What needs to be done =
Starting at the line where "Volkswagen Tiguan Sensor" occurs, reproduce each line through the end of the entries below exactly. Omit every picture.

Provided data =

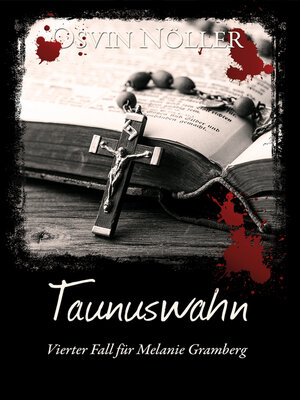 cover image of Taunuswahn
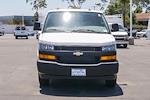 New 2025 Chevrolet Express 2500 Upfitted Cargo Van for sale #250638 - photo 3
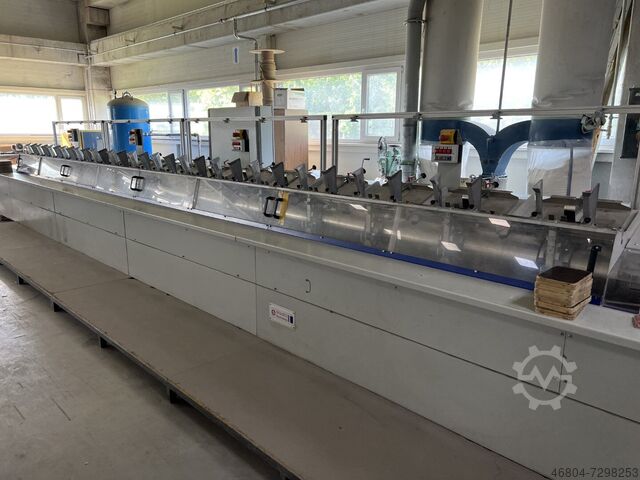 Kolbus Perfect Binder Kolbus Sigloch 4310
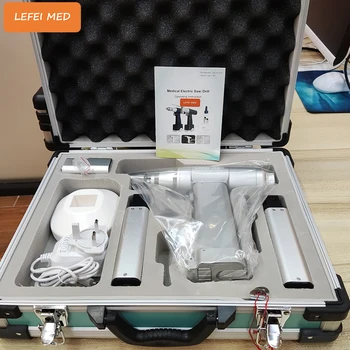 LF5714 Ortopedskih Vaja Kit kirurški instrument za bolnišnici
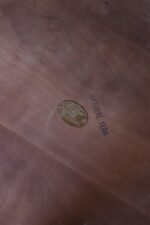 Mid-Century American Modern Low Table or Bench by Paul Tuttle for Baker - Image 12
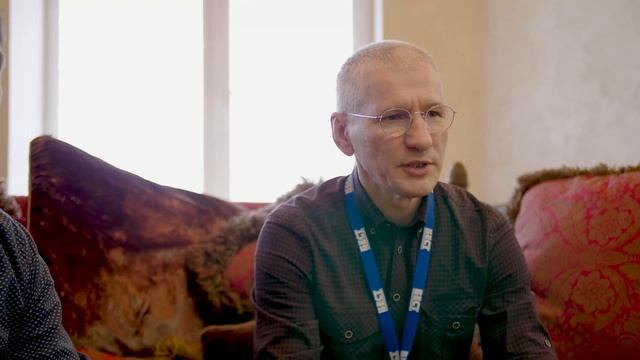 Еще одна квартира в ЖК Переделкино смотреть онлайн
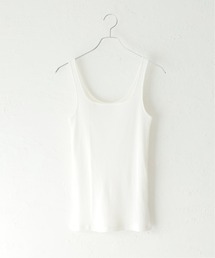 Spick & Span | テレコ 2wayタンク(タンクトップ)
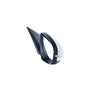 Electric With Indicator Door Mirror Drivers Side OEM Suits Kia Optima TF 2011 to 2013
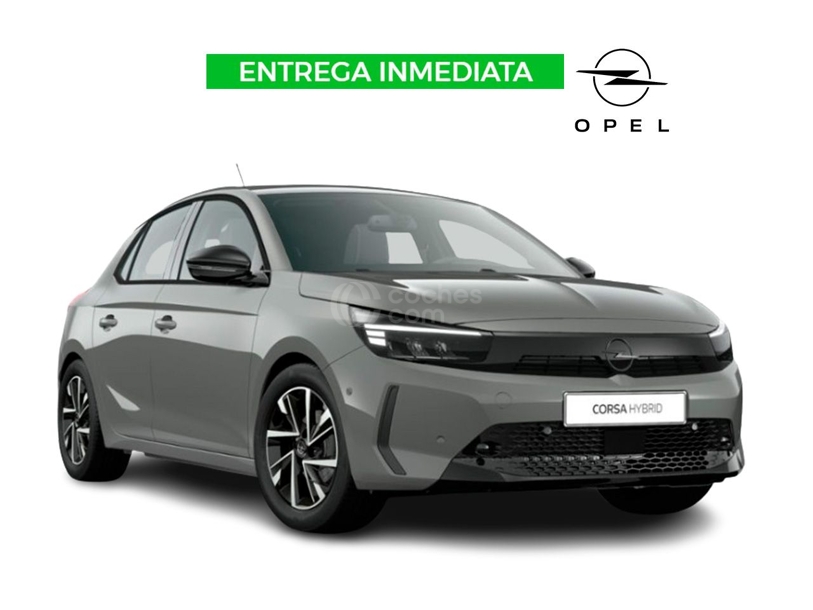 Foto del OPEL Corsa 1.2T XHL MHEV S-S GS Aut. 100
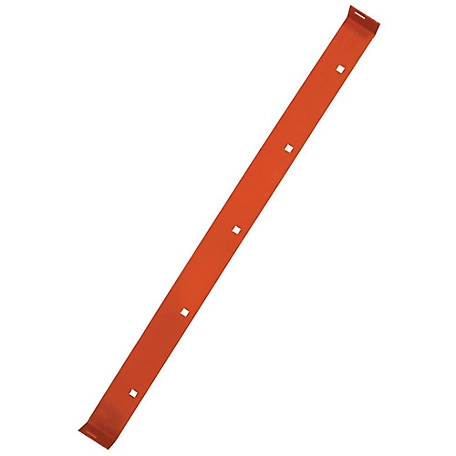 Stens Snowblower Scraper Bar for Many Ariens 28 in. Snowblowers, Replaces OEM 04182159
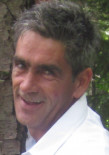 Luc Lacharité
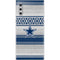 NFL Dallas Cowboys Trailblazer Galaxy Note 10 Skin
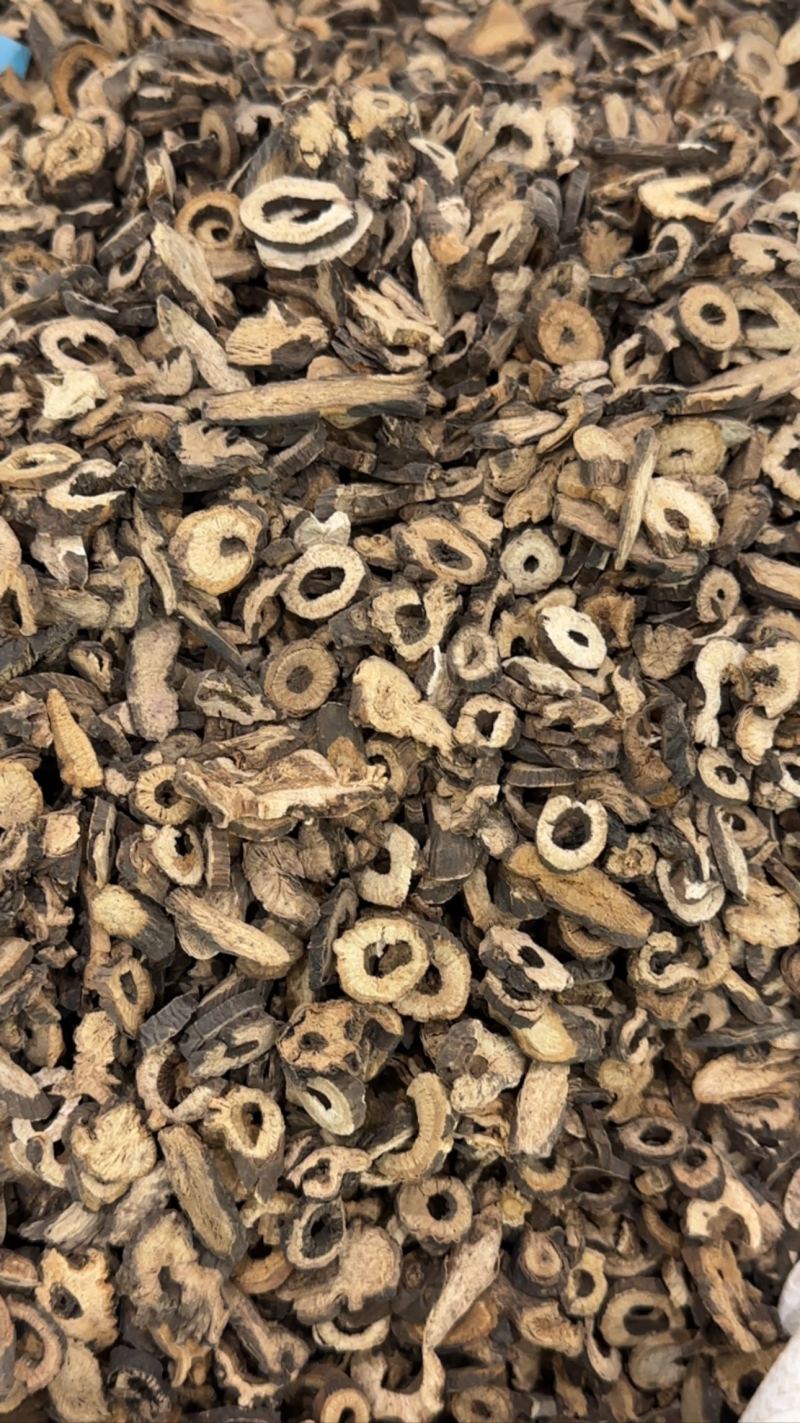 【赤芍】各种规格赤芍批发零售品质好含量高发货快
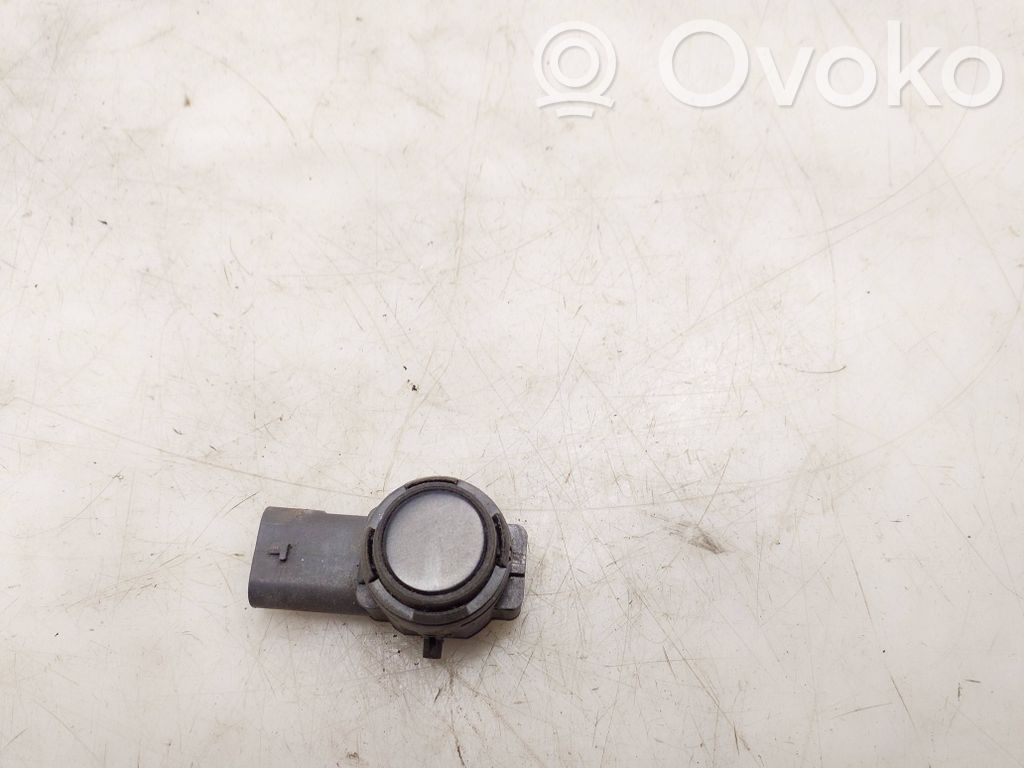 Volkswagen Tiguan Sensor de aparcamiento PDC 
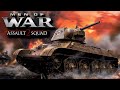 Men of War Assault Squad 2 Soviet Campaign Gameplay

Output for this exercise =
 Volkswagen Tiguan Sensor de aparcamiento PDC 
 Men of War Assault Squad 2 Soviet Campaign Gameplay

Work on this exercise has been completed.